▸ What this task involves
Make an exact copy of every entry below, with the pictures left out.

--------

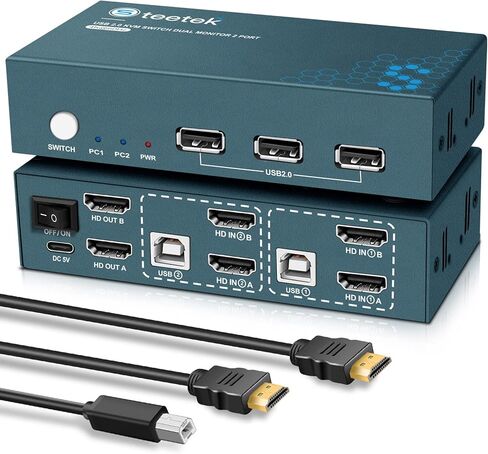 شاشات مزدوجة KVM Switch 2 منفذ 4K@60 هرتز، HDMI KVM Switch 2 شاشات 2 جهاز كمبيوتر مع 3 USB 2.0 Hub، مشاركة طابعة لوحة المفاتيح والماوس، مفتاح الزر وEDID التكيفي in Kuwait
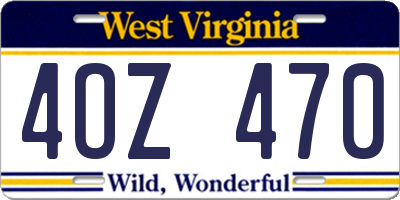WV license plate 4OZ470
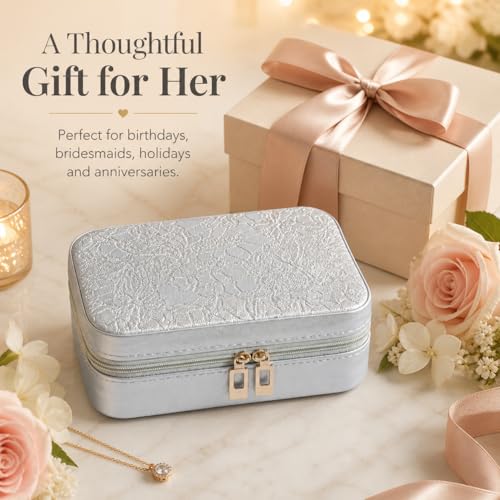 Travel Jewelry Box, Portable jewelry organizer with Embossed PU Leather Small Jewelry Box with Zipper, Velvet Lined Ring Earring Necklace Case for Travel, 6.3 x 4.7 x 2.4 in - color: Silver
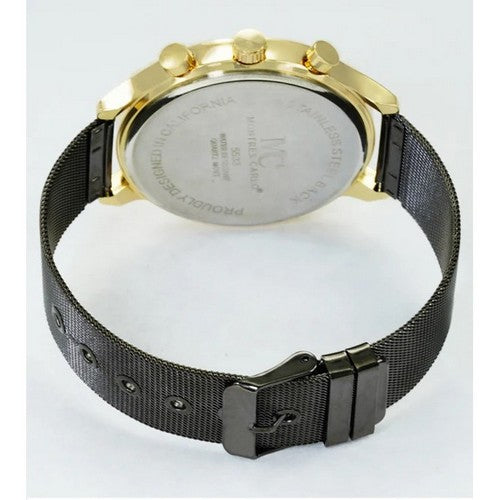 Montres Carlo Triple Dial Mesh Band Watch in Black/Gold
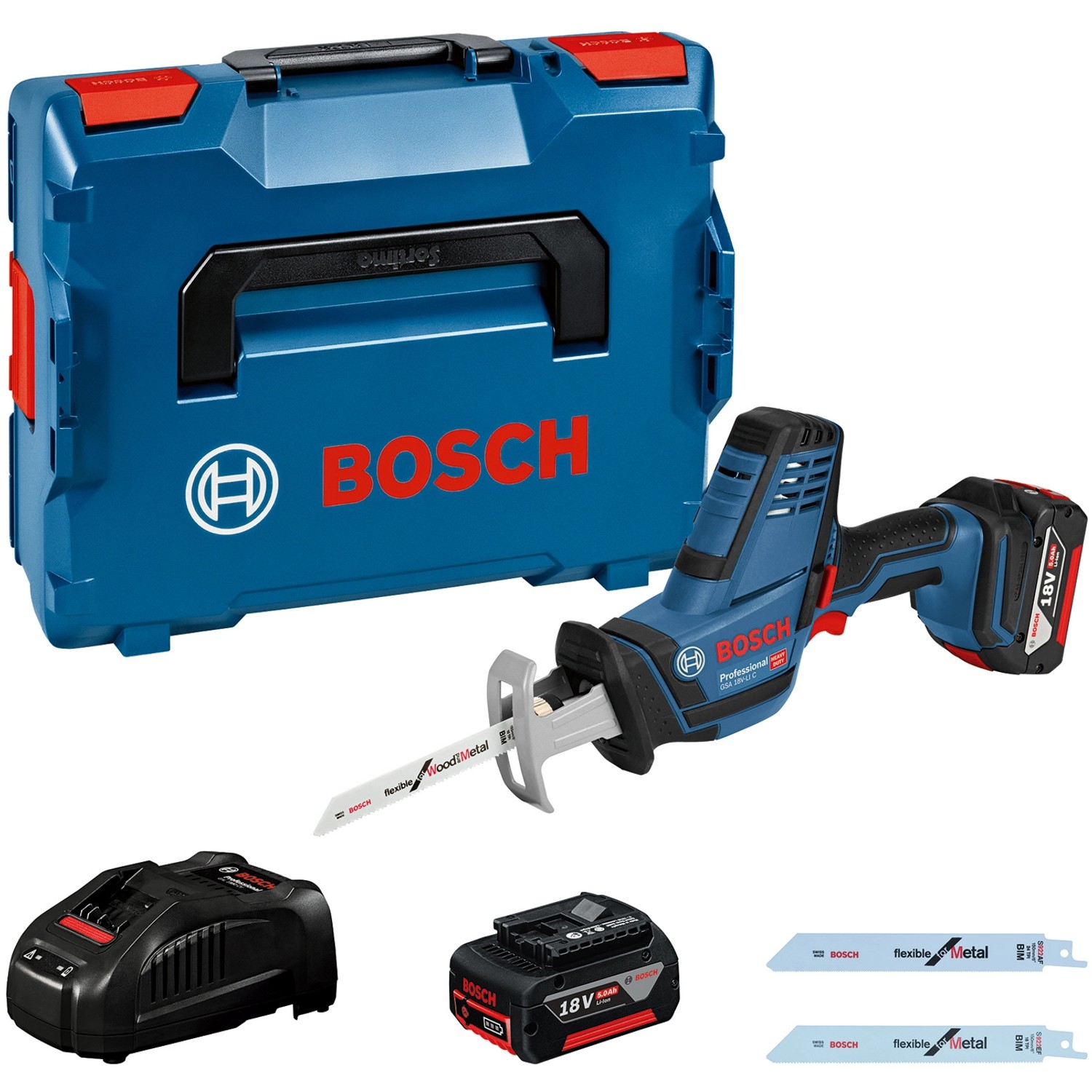Bosch Professional Akku-Säbelsäge GSA 18V-LI C mit 2x Akku 5.0Ah & GAL in L-Boxx Bosch Professional Akku-Säbelsäge GSA 18V-LI C mit 2x Akku 5.0Ah & GAL in L-Boxx von Bosch Professional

--------

▸ Result of this task
 شاشات مزدوجة KVM Switch 2 منفذ 4K@60 هرتز، HDMI KVM Switch 2 شاشات 2 جهاز كمبيوتر مع 3 USB 2.0 Hub، مشاركة طابعة لوحة المفاتيح والماوس، مفتاح الزر وEDID التكيفي in Kuwait
WV license plate 4OZ470
 Travel Jewelry Box, Portable jewelry organizer with Embossed PU Leather Small Jewelry Box with Zipper, Velvet Lined Ring Earring Necklace Case for Travel, 6.3 x 4.7 x 2.4 in - color: Silver
 Montres Carlo Triple Dial Mesh Band Watch in Black/Gold
Bosch Professional Akku-Säbelsäge GSA 18V-LI C mit 2x Akku 5.0Ah & GAL in L-Boxx Bosch Professional Akku-Säbelsäge GSA 18V-LI C mit 2x Akku 5.0Ah & GAL in L-Boxx von Bosch Professional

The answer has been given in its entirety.